When to use this skill
Trigger this skill when the user:
- Asks "how would you design X?" where X is a product or service
- Needs to choose between SQL and NoSQL databases
- Is evaluating load balancing, sharding, or replication strategies
- Asks about the CAP theorem or consistency vs availability trade-offs
- Is designing a caching strategy (what to cache, where, how to invalidate)
- Needs to estimate traffic, storage, or bandwidth for a system
- Is preparing for a system design interview
- Asks about rate limiting, API gateways, or CDN placement
Do NOT trigger this skill for:
- Line-level code review or specific algorithm implementations (use a coding skill)
- DevOps/infrastructure provisioning details like Terraform or Kubernetes manifests
Key principles
Start simple and justify complexity - Design the simplest system that satisfies the requirements. Introduce each new component (queue, cache, shard) only when you can name the specific constraint it solves. Complexity is a cost, not a feature.
Network partitions will happen - choose C or A - CAP theorem says distributed systems must sacrifice either consistency or availability during a partition. You cannot avoid partitions (P is not a choice). Pick CP for financial and inventory data; pick AP for feeds, caches, and preferences.

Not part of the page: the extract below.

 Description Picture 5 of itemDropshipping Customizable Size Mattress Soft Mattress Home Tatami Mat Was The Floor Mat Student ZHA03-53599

Scale horizontally, partition vertically - Stateless services scale out behind a load balancer. Data scales by separating hot from cold paths: read replicas before sharding, sharding before multi-region. Vertical scaling buys time; horizontal scaling buys headroom.
Design for failure at every layer - Every service will go down. Every disk will fill. Design fallback behavior before the happy path. Timeouts, retries with backoff, circuit breakers, and bulkheads are not optional refinements - they are table stakes.
Single responsibility for components - A component that does two things will be bad at both. Load balancers balance load. Caches serve reads. Queues decouple producers from consumers. Mixing responsibilities creates invisible coupling that makes the system fragile under load.
Core concepts
System design assembles six core building blocks. Each solves a specific problem.
Load balancers distribute requests across backend instances. L4 balancers route by TCP/IP; L7 balancers route by HTTP path, headers, and cookies. Use L7 for HTTP services. Algorithms: round-robin (default), least-connections (when request latency varies), consistent hashing (when you need sticky routing, e.g., cache affinity).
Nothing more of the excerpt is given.